Scenariusz autorstwa Katie Silberman znalazł się na tzw. „czarnej liście”, czyli corocznym zestawieniu cieszących się w Hollywood największym rozgłosem niezrealizowanych jeszcze tekstów. Realizacją projektu postanowiła zająć się Oliwia Wilde. I choć film od samego początku wzbudzał emocje i kontrowersje – związane m.in. z obsadą, kłótniami na planie – to film jest zaskakująco udaną próbą odpowiedzi na pytanie, które wiąże się z naszymi uczuciami i emocjonalną tożsamością.
Witajcie w utopii, czyli „Nie martw się, kochanie”
Alice (Pugh) i Jack (Styles) stanowią młode małżeństwo żyjące w wyidealizowanej społeczności Victory.
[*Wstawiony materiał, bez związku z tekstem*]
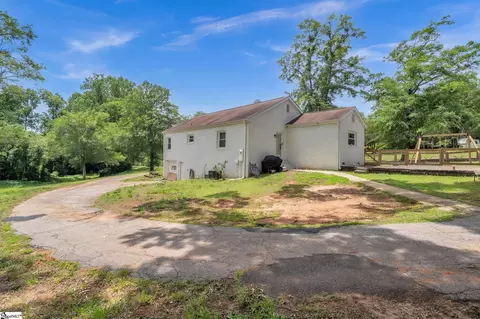 Exterior - 904 Highway 357, Greer, SC 29651 photo 9 of 10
I nazwa nie jest tutaj bez znaczenia. Bo tak naprawdę jest to eksperymentalne miasteczko pracownicze dla zatrudnionych przy ściśle tajnym Projekcie Victory, a także ich rodzin – przede wszystkim żon i dzieci. Istotny jest tutaj kontekst społeczny – szczególny rodzaj optymizmu, który charakteryzował powojenne lata 50. XX wieku. Reprezentantem nowego ładu jest Frank (Pine) – korporacyjny wizjoner – który wpływa niemal na każdy aspekt codziennego życia w tej zamkniętej społeczności.
Pragnienie wolności, czyli życie w złotej klatce
Mężczyźni spędzają każdy dzień w siedzibie Projektu Victory, pracując nad „rozwojem nowoczesnych materiałów”. Ich żony zaś – w tym elegancka partnerka Franka, Shelley (Chan) – cieszą się pięknem, luksusami i rozpasaniem swojego osiedla. Życie w nim jest doskonałe, a potrzeby każdego mieszkańca są zaspokajane przez pracodawców. W zamian proszą oni tylko o dyskrecję i niekwestionowane oddanie sprawie Victory.
Na powierzchni idyllicznego życia pojawiają się jednak pęknięcia, a spod atrakcyjnej fasady wyzierają przebłyski czegoś strasznego. Alice czuje się w obowiązku sprawdzić, czym i dlaczego zajmują się pracownicy Victory. Jak dużo będzie gotowa poświęcić dla ujawnienia tego, co naprawdę dzieje się w tym raju?
„Nie martw się, kochanie” – zaskakująco nieoczywisty thriller
„Nie martw się, kochanie” to przede wszystkim niezwykle interesująca forma. Kluczowe jest tu oczywiście miejsce akcji – położone na pustyni arkadyjskie osiedle wzorowane na amerykańskich przedmieściach z lat 50. XX wieku. Ale równie ważna jest również dramaturgiczna strona historii, emocjonalne napięcie i sekret, który sprawia, że „Nie martw się, kochanie” może uchodzić za jeden z najbardziej nieoczywistych thrillerów psychologicznych ostatnich lat.